マスターカードの上級幹部であるアリ・サルケル氏は次のように述べています。

"政府が国のデジタル通貨を作ろうとするならば、当社は喜んでその通貨を、(一般的な仮想通貨と比べて)より好意的に見るだろう"

"デジタル通貨が規制機関とその価値により支えられ、匿名ではなく、規制上のあらゆる要件を満たすのであれば、それを前向きに検討していく"

マスターカードのアジェイ・バンガCEOも昨秋、同社が政府発行のデジタル通貨のに参画する方法を見つけたいと述べており、政府が支援していないその他の仮想通貨は「ジャンク(価値のないもの)」であると見なしていました。

政府発行の通貨は世界的に複数の国で検討されていますが、今のところ仮想通貨が集権的に管理される現象はほとんどの国で現実化していません。首尾よく国家により発行された仮想通貨の最も顕著な例は、最近議論を巻き起こしながら発行されたベネズエラのペトロです。

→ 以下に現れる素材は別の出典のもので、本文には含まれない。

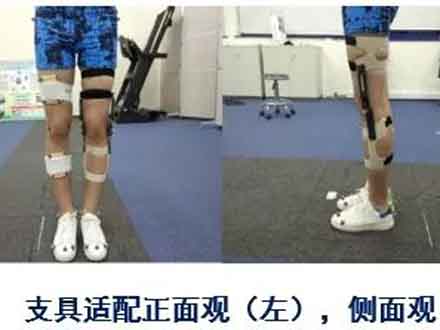 3D打印个性化膝关节矫形器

サルケル氏は、マスターカードが現在、ビットコイン(BTC)の所有者がBTCをマスターカードで換金することを認めるBTCの試験的プログラムを日本とシンガポールで実行していることについても述べており、さらに同プログラムが顧客確認(KYC)とアンチマネーロンダリング(AML)の要素を含むことを付け加えました。

"当社はマスターカードのネットワークを通じてビットコインの取引を取り扱ってはいない。(同試験的プログラムは)実験的な試みであり、同社の評判に関わるリスクについて十分理解している"

フィナンシャル・タイムズでは、マスターカードとVISAがビットコインの購入を「現金取引」として再分類することで、仮想通貨での購入が困難になったことについて言及しています。

マスターカードは昨年11月、ブロックチェーン技術を用いた即時払いの特許を申請しており、マスターカードの広報担当者によると、マスターカード・ラボは、企業間での銀行間決済/貿易金融上の義務の履行と価値連鎖の追跡/信頼できる機関の間の顧客確認(KYC)データ/アンチマネーロンダリングデータの交換などを含む幅開い分野での使用事例を支えるブロックチェーン技術の開発に取り組んでおり、ブロックチェーン技術と仮想通貨に関する30以上の特許を申請しているとのことです。

さらにサルケル氏は、マスターカードがシンガポールとオーストラリアで非接触型交通決済システムの試験的プログラムを実行しているとも語っています。